Yes, I mentioned cleaning the fish. Something my dad taught me when I was very young along with deer. If you’re going to kill it you’re going to clean it. He cleaned my first deer for me, when I was 10, to show me how and every deer after that I’ve had to do myself, with his assistance of course. I was not raised in a wealthy family and for the most part did not have the advantage of taking our game to a processor. It was always all hands on deck cutting and bagging our kill for the freezer and venison was what we consumed the most of to save money on groceries. Mom would take the back strap or tender loin and bread it and fry it and serve it with mashed potatoes and gravy or the ground venison would be turned into the chili or stew.
Britches Ryerson grew up helping his dad process deer for folks around The Corridor area and has tons of experience making the delightful treat we all know as summer sausage. Summer sausage is a type of sausage that can usually be kept without refrigeration and in these parts it is usually made with 100% ground venison and cured via smoking with a healthy dose of seasonings. Ryerson said last winter he made three thousand pounds of summer sausage out of venison for friends and family. He is well now, especially in the Prague area, for his summer sausage recipe and like most specialty foods, he keeps a pretty tight lid on the recipe. He has also been know to barter goods or labor for his summer sausage! Deer jerky is another favorite among hunters and their friends and family. Thinly sliced venison seasoned or marinated and then dehydrated makes a great treat that many kill for. When I worked at Davenport’s Archery we had a customer from Sasakawa, Buddy Womack, who made the best jerky you can imagine. He would bring us each a zip lock bag and you better hide it because if not it would disappear fast!

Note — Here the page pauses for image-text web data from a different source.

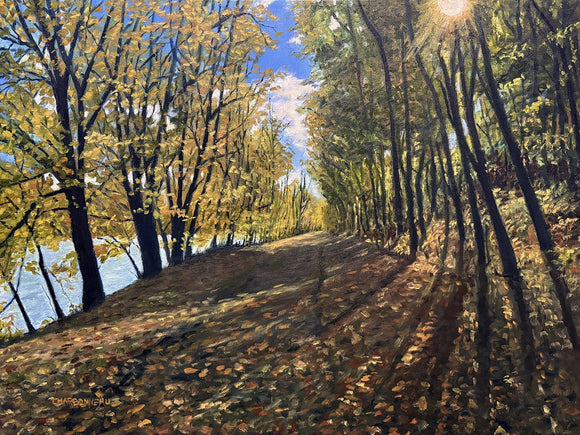 Autumn Walk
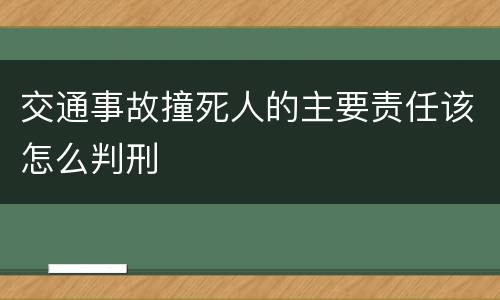 交通事故撞死人的主要责任该怎么判刑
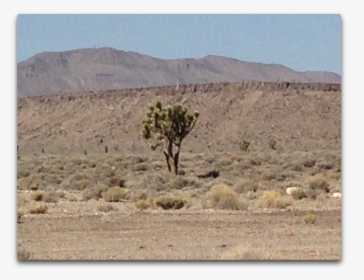 Gc Joshua Tree, HD Png Download, Free Download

My birthday is in June and when I was younger my birthday as almost always spent at the lake or the pond behind our house with tons of family. We did not have money for elaborate celebrations or cakes but mom would always pickup my favorite Pepperidge farm coconut cake and serve it. Occasionally my sister will get one for my birthday now that I’m older, and when we sit down to eat it many birthday memories rush to the surface. I would not trade those family trips for the biggest birthday bash in history. The time spent riding bikes around the camp grounds, hunting for that deer your family member shot and enjoying love and laughter around the picnic table will forever be cherished.